### INPUT FOR THIS TASK

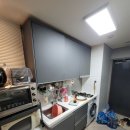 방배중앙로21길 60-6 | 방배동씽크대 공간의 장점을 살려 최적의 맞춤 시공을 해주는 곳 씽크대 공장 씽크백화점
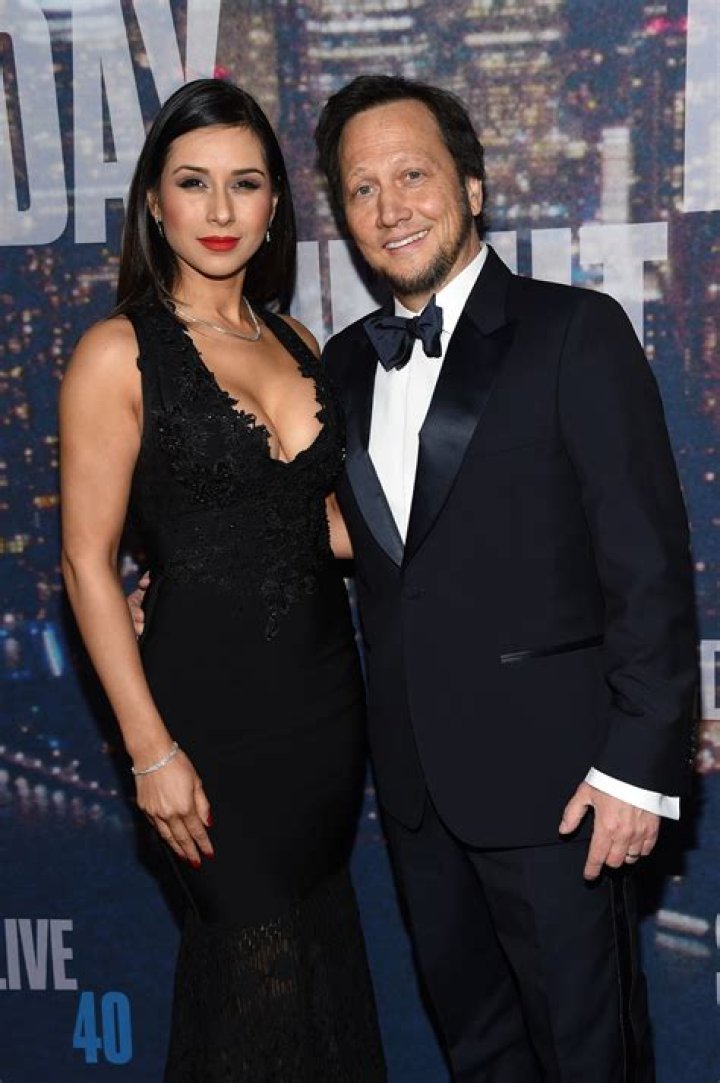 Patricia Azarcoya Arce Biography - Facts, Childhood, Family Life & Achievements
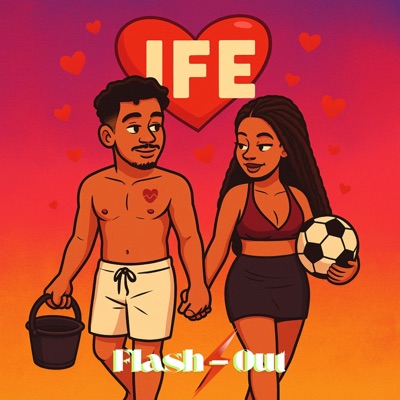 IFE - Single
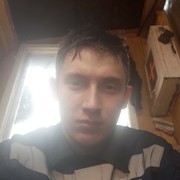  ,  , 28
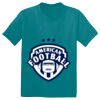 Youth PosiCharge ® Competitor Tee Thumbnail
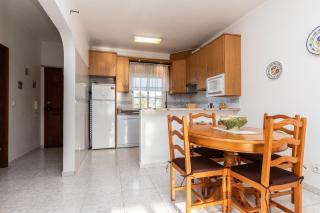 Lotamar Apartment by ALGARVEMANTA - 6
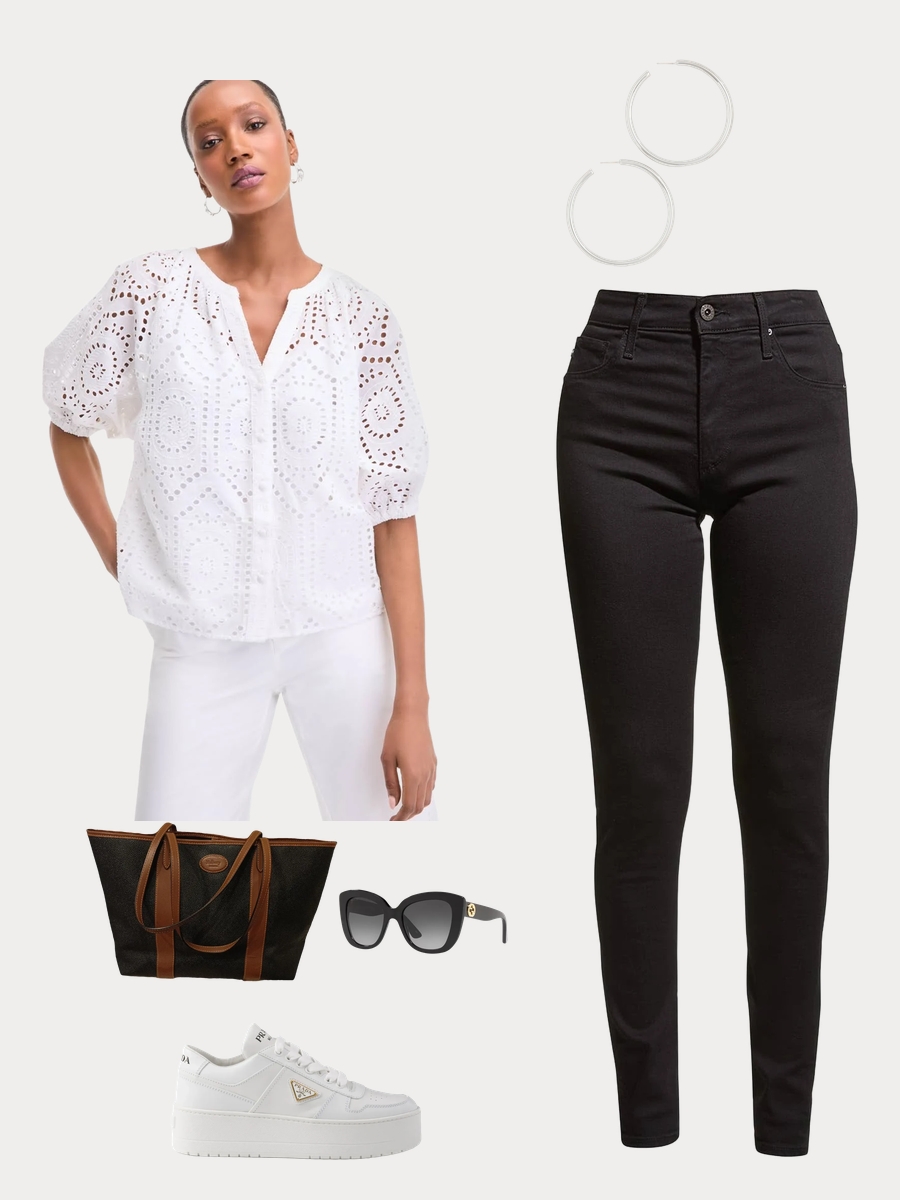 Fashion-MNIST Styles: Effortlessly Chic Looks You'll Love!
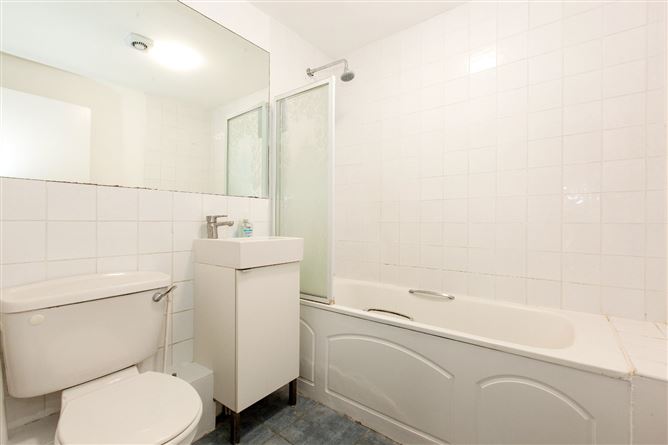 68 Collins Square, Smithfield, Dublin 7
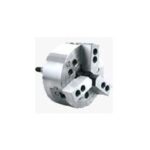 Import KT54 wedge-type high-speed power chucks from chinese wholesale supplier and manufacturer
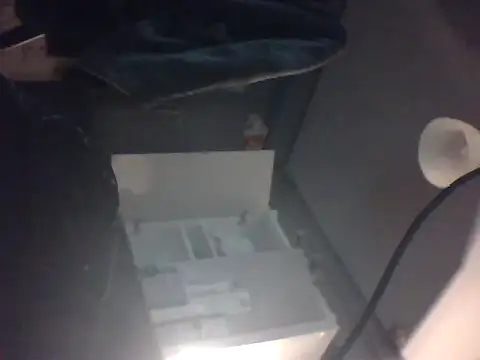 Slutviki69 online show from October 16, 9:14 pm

### WORK ITEM
Reproduce the entire listing above precisely, but keep the images out.

### ANSWER BOX
 방배중앙로21길 60-6 | 방배동씽크대 공간의 장점을 살려 최적의 맞춤 시공을 해주는 곳 씽크대 공장 씽크백화점
 Patricia Azarcoya Arce Biography - Facts, Childhood, Family Life & Achievements
 IFE - Single
  ,  , 28
 Youth PosiCharge ® Competitor Tee Thumbnail
 Lotamar Apartment by ALGARVEMANTA - 6
 Fashion-MNIST Styles: Effortlessly Chic Looks You'll Love!
 68 Collins Square, Smithfield, Dublin 7
 Import KT54 wedge-type high-speed power chucks from chinese wholesale supplier and manufacturer
 Slutviki69 online show from October 16, 9:14 pm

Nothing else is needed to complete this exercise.